The Setting Every Community Up For Retirement Enhancement (SECURE) Act became effective Jan. 1, 2020, and it will affect nearly everyone in some way. Like any huge tax bill, there are things that some people will like and some people will hate. Here are some of the provisions that most people will want to know:
Some of the good news:
- Required Minimum Distribution (RMD) change. If didn’t turn 70 1/2 in 2019 or earlier, you don’t have to take your first RMD until you turn 72. Just like the RMD rules that have been in place for years, you could delay taking that first RMD until April 15th of the calendar year after you turn 72, but you’d also have to take a second RMD before December 31st of that same year.
- Contributions to Traditional IRA Change. Until now, you couldn’t make contributions to your Traditional IRA once you hit the calendar year in which you turned 70 1/2. The SECURE Act removed that age limit, and, as long as you have earned income, contributions can be made at any age.
- New Exception To The 10% Early Withdrawal Penalty. Up to $5,000 can be distributed penalty-free from an IRA or from a qualified plan as a “Qualified Birth or Adoption Distribution.” It has to taken within a year after the birth or adoption, and, as of now, it appears that it’s not a one-time-only deal and can be used following subsequent births or adoptions.

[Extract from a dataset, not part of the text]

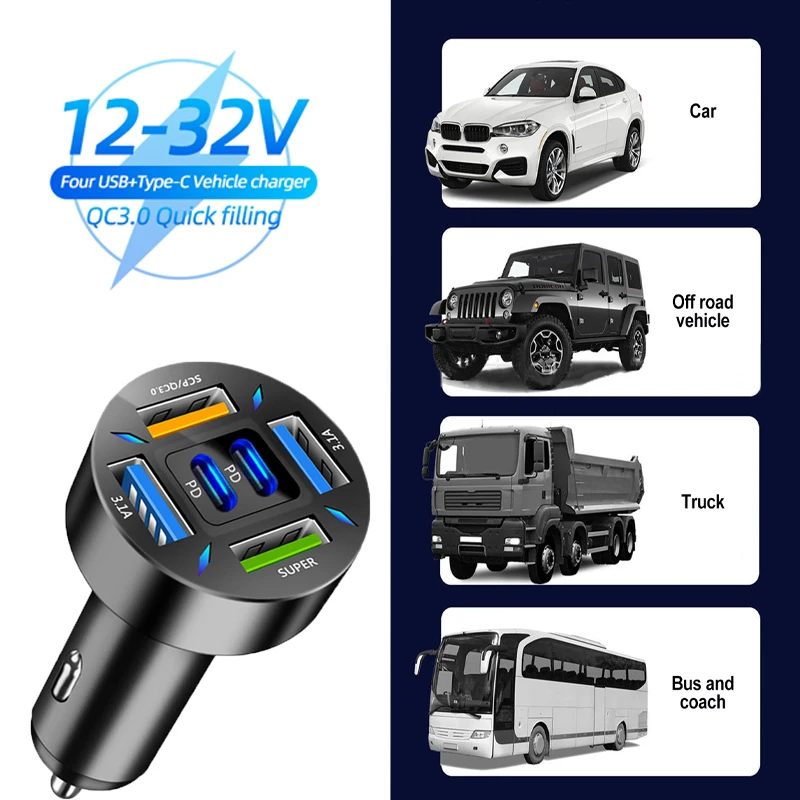 66W Car Charger 6 Ports QC3.0 USB Type C Intelligent Constant Temperature Adapter In Car for Iphone Samsung Huawei Xiaomi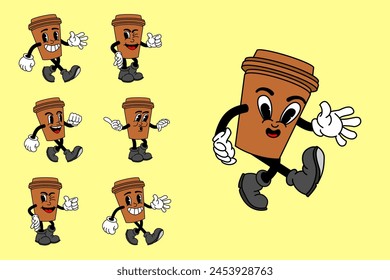 Vector set with cartoon retro mascot mascot monochrome illustrations of walking street food. Vintage style 30s, 40s, 50s Old 1920 to 1950 cartoon style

- New Qualified Education Expenses for 529 Plans. Under the SECURE Act, 529 plans can now be used to pay for expenses related to certain Apprenticeship Programs and a lifetime amount of $10,000 can be used to pay the principal and/or interest of qualified education loans. The $10,000 lifetime limit on student loan debt is a per-person limit, and in addition to using the funds in a 529 plan to pay for the 529 plan beneficiary’s debt, an additional $10,000 may be distributed as a qualified education loan repayment to satisfy outstanding student debt for each of a 529 plan beneficiary’s siblings. This change is effective retroactive to the beginning of 2019.
- Bigger Tax Credits for Small Employers who Establish Employee Retirement Plans. Employers with less than 100 employees who establish a small business-sponsored retirement plan, such as a 401(k), 403(b), SEP IRA or SIMPLE IRA may be eligible for a tax credit of of $500-$5000.
Some of the bad news:
- Elimination of the “Stretch IRA” Provisions for Most IRA Beneficiaries. This is a game-changer for many parents and children. Under current tax law, children who inherit an IRA from a parent could stretch out the required minimum distributions (RMDs) over their own life expectancies, thereby taking advantage of tax-deferred growth and spreading out the tax consequences. Now, under the SECURE Act, if you die in 2020 or later, your adult children beneficiaries will have no annual RMDs, but will be required to withdraw the entire amount in a lump sum in 10 years! Beneficiaries who are spouses, disabled per IRS regulations, or are less than 10 years younger than the IRA owner will still be able to stretch out their RMDs. But the trusts many people use to control IRA distributions to their children may now not work as they intended. The IRS has not addressed this specific issue yet.
This is just a rough outline of some of the provisions included in the law and don’t include a lot of the details. Contact your financial advisor if you have questions about how the SECURE Act may affect your retirement plan. If you named a trust or a sub-trust as a beneficiary of your IRA, contact your estate planning attorney to discuss your options.